Step 2: Run to verify it passes or fails

Run: pytest tests/test_orchestrator.py::test_rebuild_cleans_wal_files -v

Step 3: Add WAL cleanup helper

In src/orchestrator.py, add a helper after _validate_identifier:

def _atomic_swap_db(tmp_path: str, target_path: str) -> None:
    """Atomically replace target DuckDB file, cleaning up WAL files."""
    import shutil
    target = Path(target_path)
    tmp = Path(tmp_path)

    # Remove old WAL file if it exists
    old_wal = Path(str(target) + ".wal")
    if old_wal.exists():
        old_wal.unlink()

    # Move temp DB into place
    if tmp.exists():
        shutil.move(str(tmp), str(target))

    # Clean up temp WAL
    tmp_wal = Path(str(tmp) + ".wal")
    if tmp_wal.exists():
        tmp_wal.unlink()

Replace shutil.move call in _do_rebuild (line ~112) with:

        _atomic_swap_db(tmp_path, self._db_path)

Also add CHECKPOINT before conn.close() in _do_rebuild:

            conn.execute("CHECKPOINT")
        finally:
            conn.close()

Apply the same pattern in connectors/keboola/extractor.py at the end of run().

Step 4: Run tests

Run: pytest tests/test_orchestrator.py tests/test_keboola_extractor.py -v Expected: All pass

Step 5: Commit

git add src/orchestrator.py connectors/keboola/extractor.py tests/test_orchestrator.py
git commit -m "fix: clean WAL files during atomic DB swap, add CHECKPOINT before close"

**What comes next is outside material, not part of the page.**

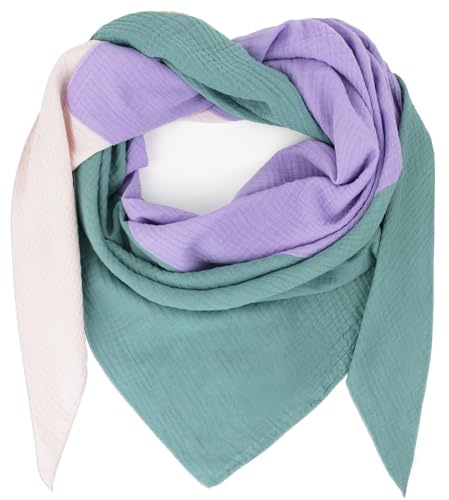 Gloop Sciarpa da donna XXL a maglia triangolare sciarpa foulard cotone triangolo mussola sciarpa senza graffi sulla pelle Made in Italy, Verde chiaro-rosa chiaro-viola chiaro, Taglia unica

Task 3.3: Add temp-file swap to BigQuery extractor

BigQuery extractor writes directly to extract.duckdb, causing lock conflicts with the orchestrator.

Files:

Modify: connectors/bigquery/extractor.py:64-68
Test: tests/test_bigquery_extractor.py
Step 1: Write the test

# In tests/test_bigquery_extractor.py, add:

def test_uses_temp_file_swap(self, output_dir):
    """BigQuery extractor should write to .tmp and rename, not write directly."""
    from connectors.bigquery.extractor import _create_meta_table
    db_path = Path(output_dir) / "extract.duckdb"

    # Pre-create the DB to simulate existing file
    conn = duckdb.connect(str(db_path))
    _create_meta_table(conn)
    conn.close()

    # After init_extract, the file should exist and no .tmp should remain
    # (The actual init_extract test already covers this — we just verify no .tmp leak)
    assert db_path.exists()
    assert not (Path(output_dir) / "extract.duckdb.tmp").exists()

Step 2: Modify init_extract to use temp-file swap

In connectors/bigquery/extractor.py, replace lines 64-68:

    output_path = Path(output_dir)
    output_path.mkdir(parents=True, exist_ok=True)

    db_path = output_path / "extract.duckdb"
    tmp_db_path = output_path / "extract.duckdb.tmp"
    if tmp_db_path.exists():
        tmp_db_path.unlink()
    conn = duckdb.connect(str(tmp_db_path))

And at the end, before return stats (after conn.close()):

    import shutil
    if tmp_db_path.exists():
        shutil.move(str(tmp_db_path), str(db_path))

Step 3: Run tests

Run: pytest tests/test_bigquery_extractor.py -v Expected: All pass

Step 4: Commit

git add connectors/bigquery/extractor.py tests/test_bigquery_extractor.py
git commit -m "fix: BigQuery extractor uses temp-file swap to avoid lock conflicts"

Workstream 4: Script Sandbox Hardening (P1)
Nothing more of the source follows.